Created on 01-13-2016 04:27 PM - edited 08-19-2019 05:15 AM
I have restarted Ambari Server and all agents along with complete HDP stack multiple times in past 5 days for different activities but these alerts don't go away.
Created 01-20-2016 07:20 AM
Hi @Pardeep with Support's help we got rid of those alerts by adding 'misfire_grace_time':10 to APS_CONFIG in /usr/lib/python2.6/site-packages/ambari_agent/AlertSchedulerHandler.py on every node. After the update that section should read:
APS_CONFIG = { 'threadpool.core_threads': 3, 'coalesce': True, 'standalone': False, 'misfire_grace_time':10 }
In this we are allowing up to 10 seconds for all tests to complete. After that restart all ambari_agents. We tried on one cluster and it worked. This is most likely fixed in Ambari-2.2 but happens in 2.1.2.

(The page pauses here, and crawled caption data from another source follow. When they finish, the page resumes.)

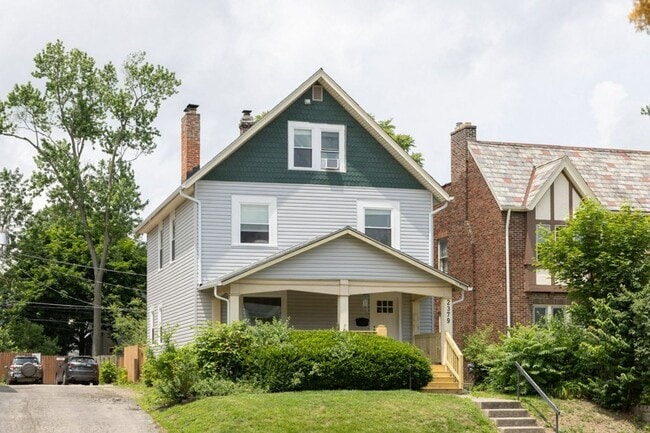 Building Photo - North Campus OSU Renovated Single Family H...
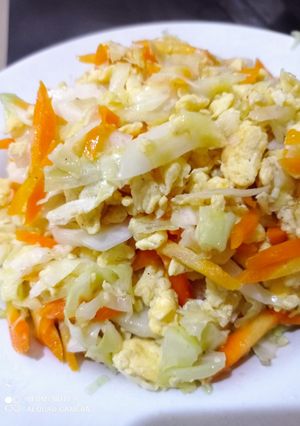 A picture of Scrambled Eggs with Cabbage and Carrots.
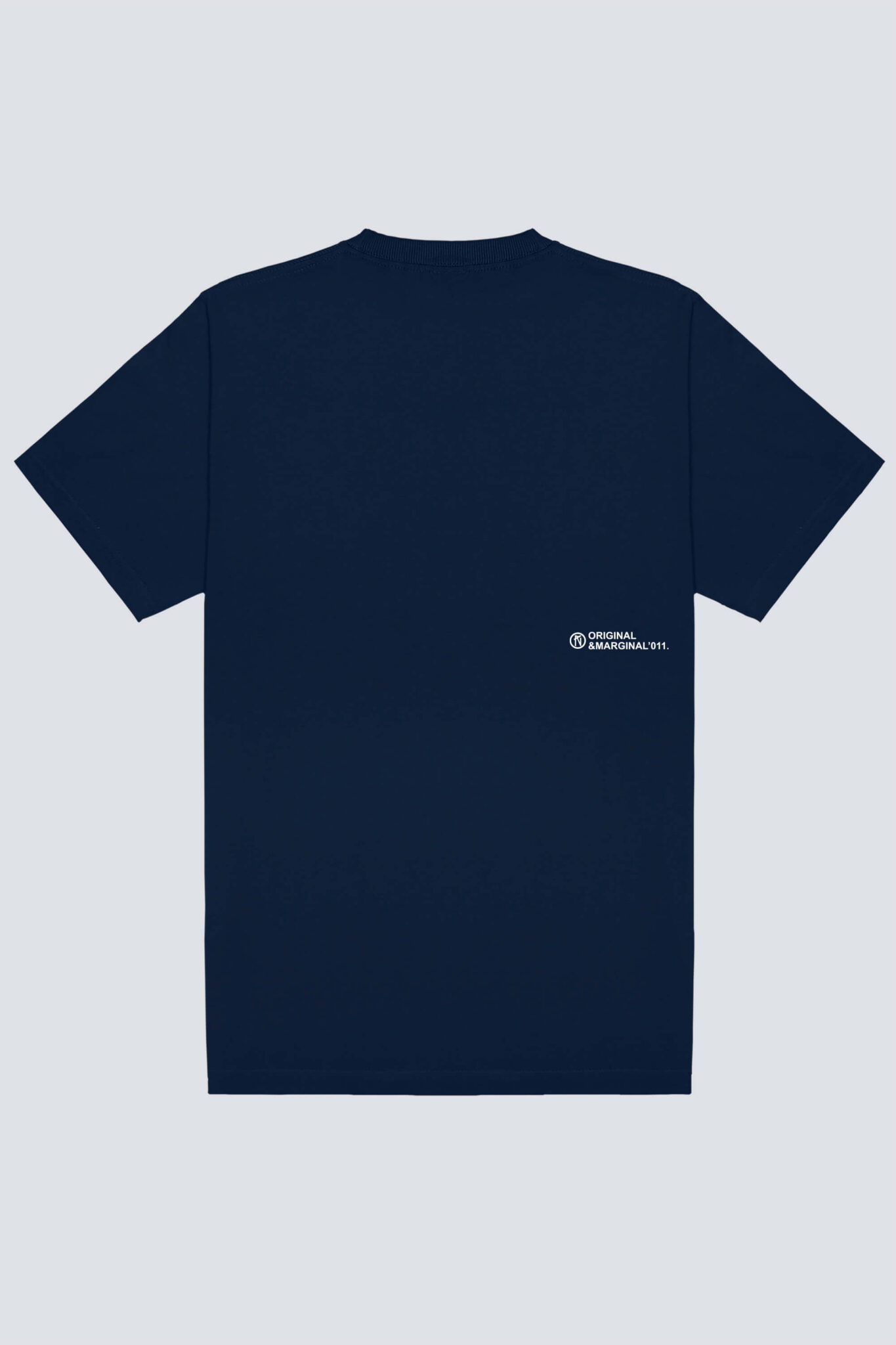 Parte traseira da camiseta Chronic Rugby marinho, com estampa pequena localizada na lateral direita.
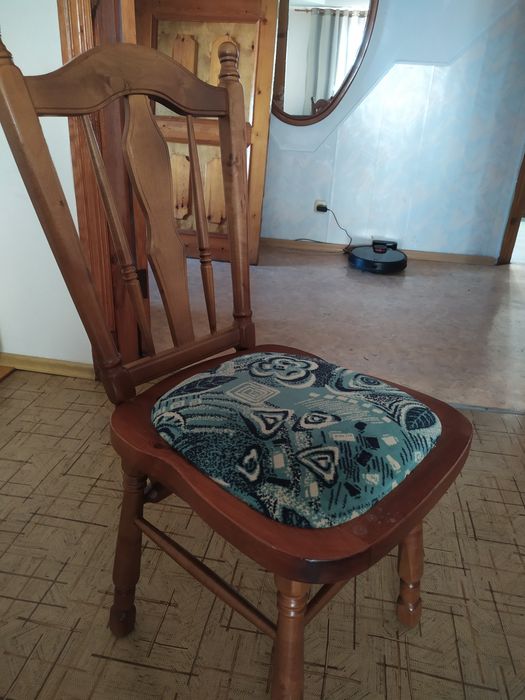 Стол для гостиной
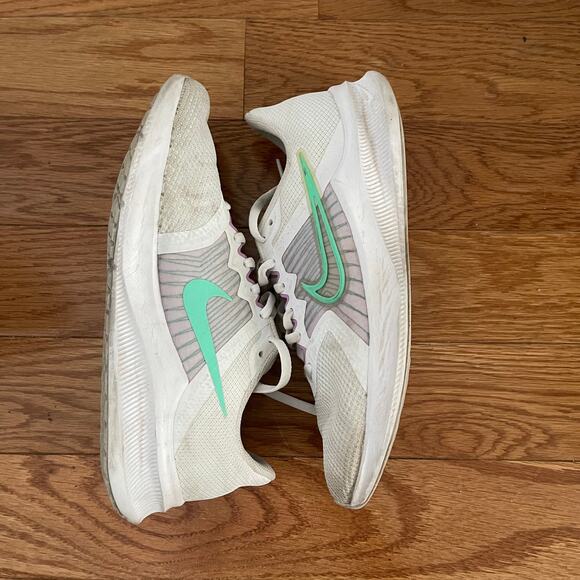 Nike Downshifter 11 White Signal Green Womens 9 Glow Running Shoes Sneakers - Picture 4 of 9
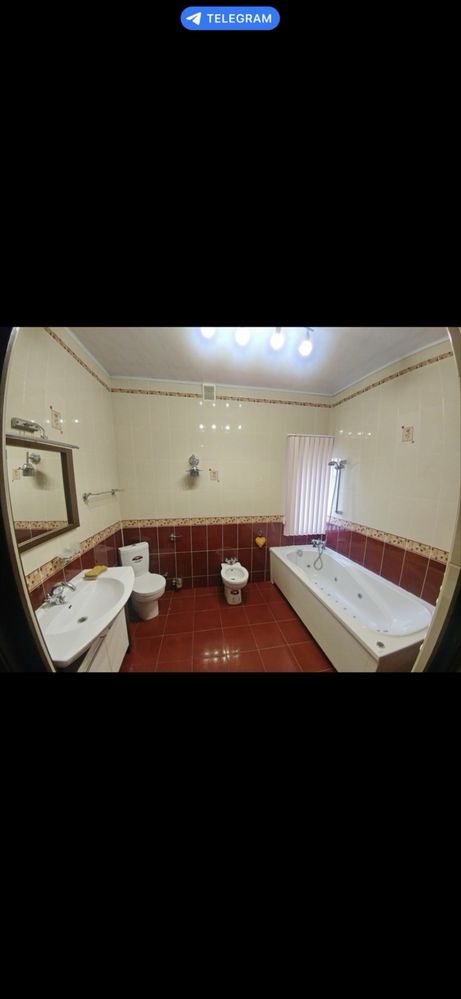Будинок в місті , басейн, сауна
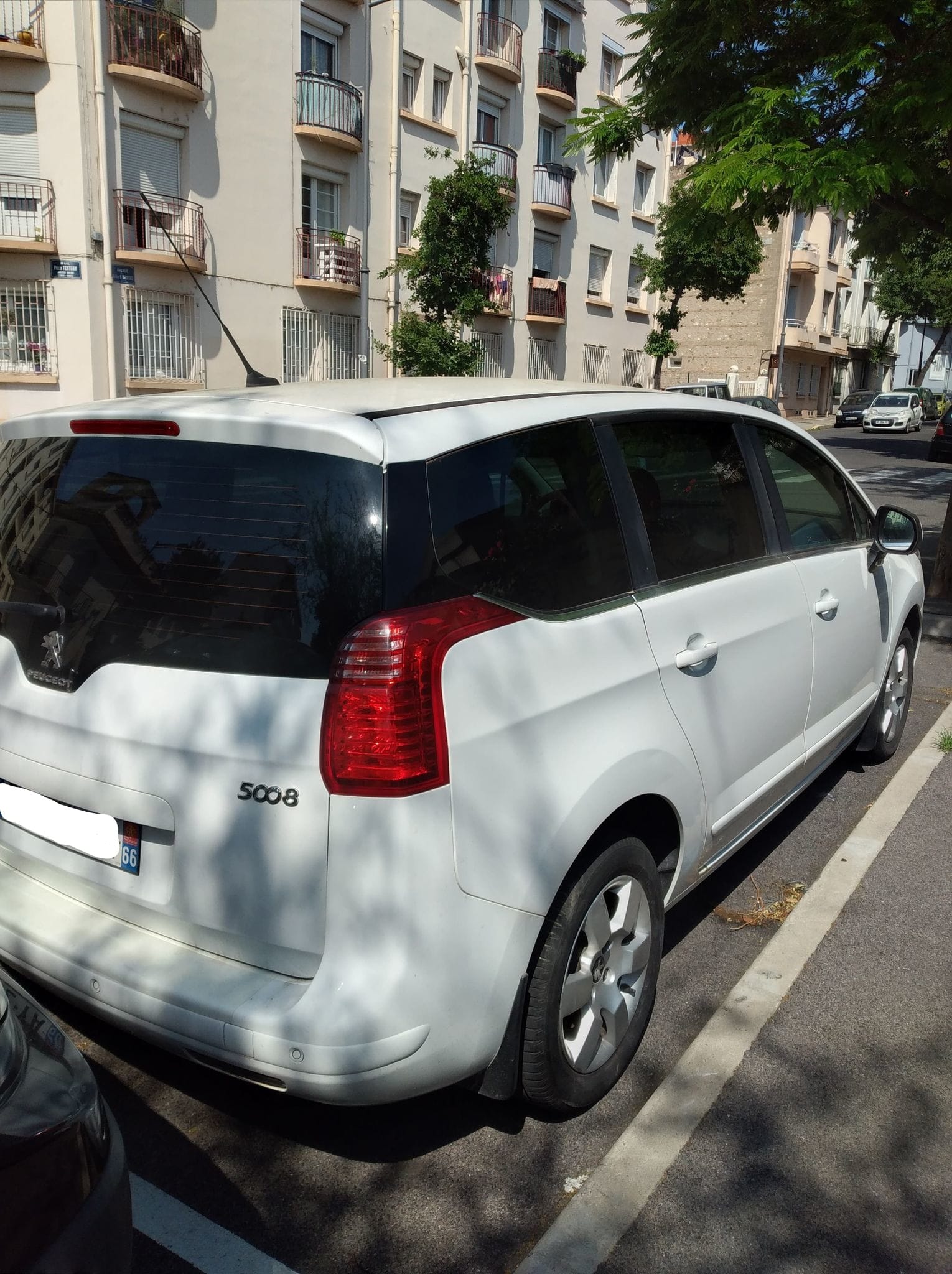Peugeot 5008 1.6 blue hdi avec Régulateur de vitesse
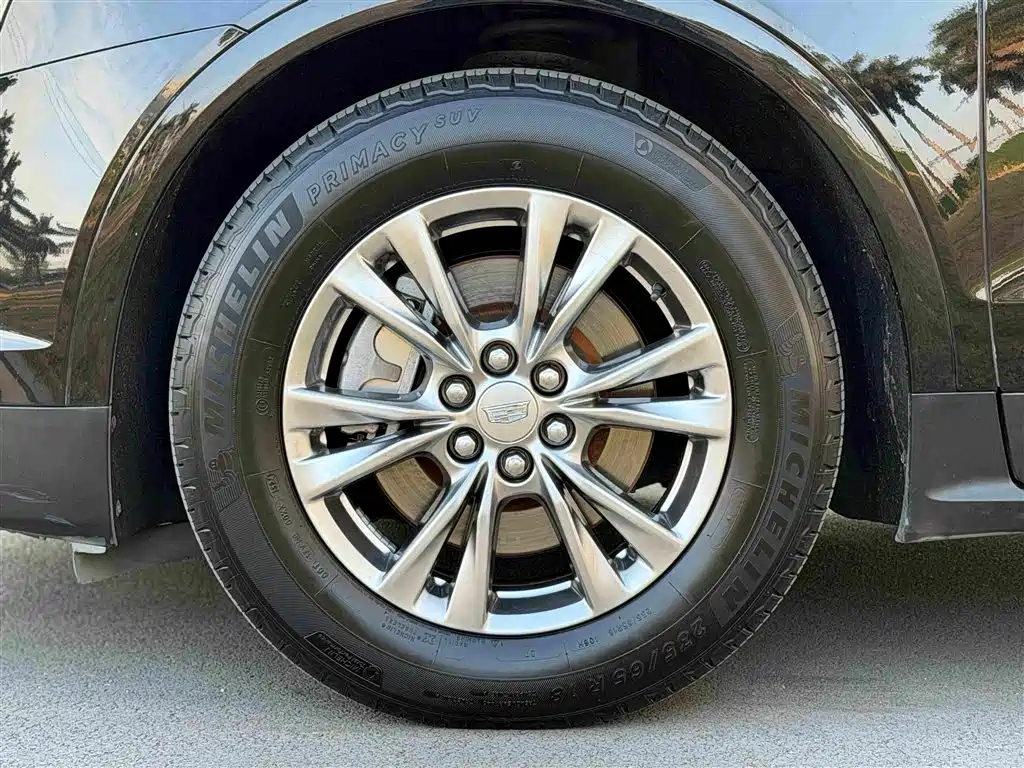 Cadillac XT5 2020 — фото 19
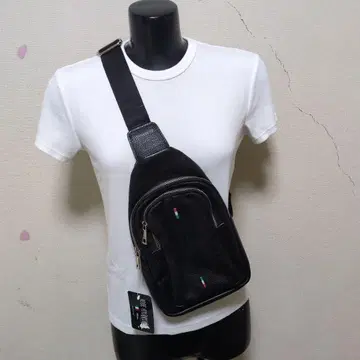 새상품 이탈리아제 바디백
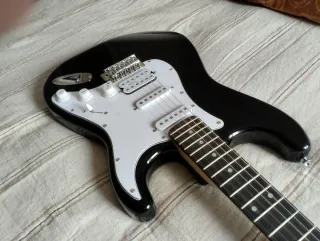 Guitarra Stratocaster Austin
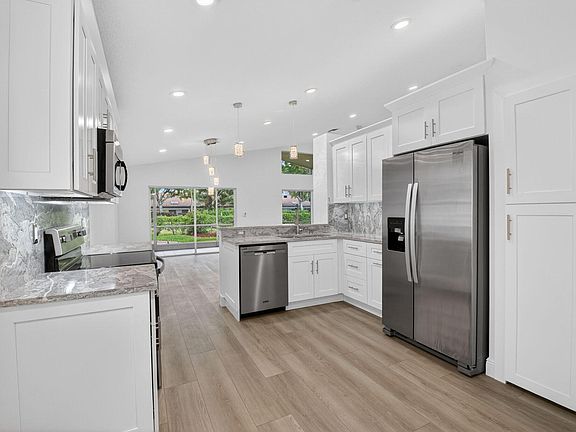 3rd image of 5891 Royal Isles Boulevard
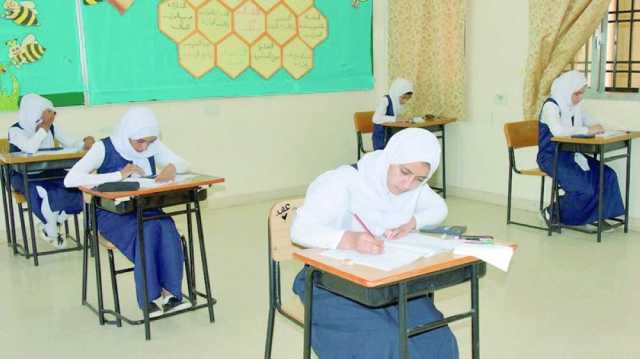 طلبة «صفوف النقل» يؤدون أول امتحاناتهم في أجواء مناسبة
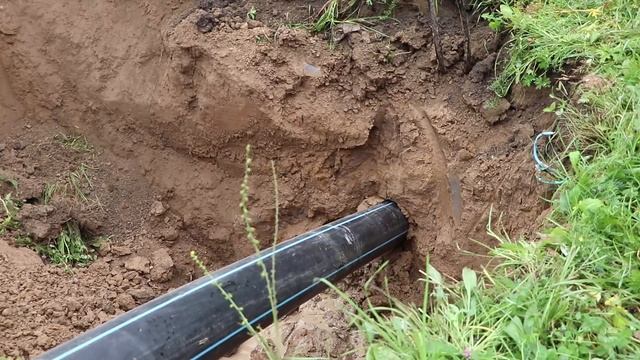 Прокладка труб методом прокола в микрорайоне «Автозавод» г. Сухиничи смотреть онлайн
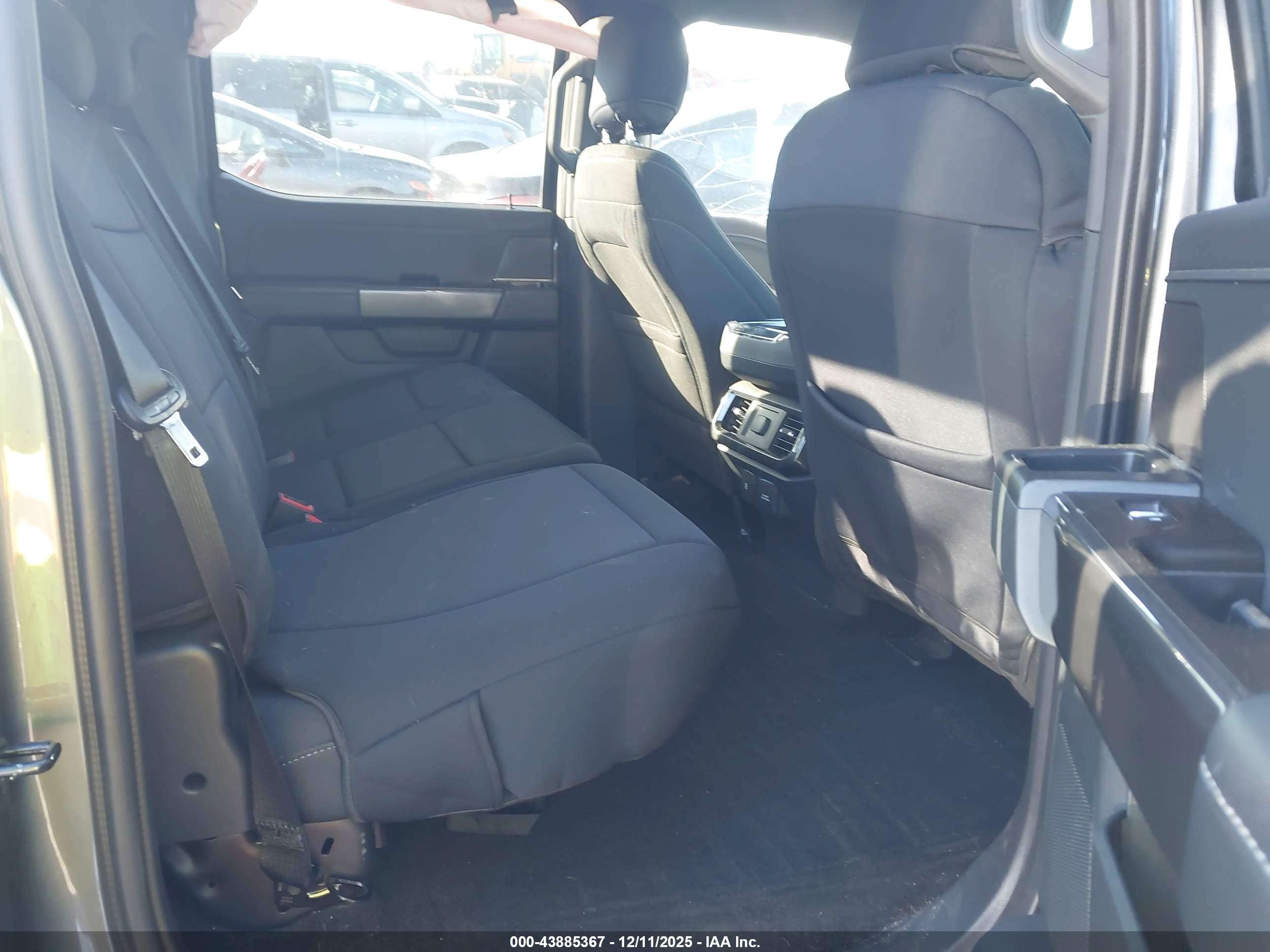 FORD F-150 image 8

Created on 01-30-2020 08:19 AM - edited 01-30-2020 08:20 AM
This was what fixed it for me.
Using Ambari Version 2.7.3.0
SSH into host that's reporting stale alerts:
sudo vi /etc/ambari-agent/conf/ambari-agent.ini
change alert_grace_period (default 5 | change to: 15)
optional: restart service's instance reporting stale alerts (JournalNodes, NameNodes,etc)
sudo systemctl restart ambari-agent.service
Example using CentOS / Redhat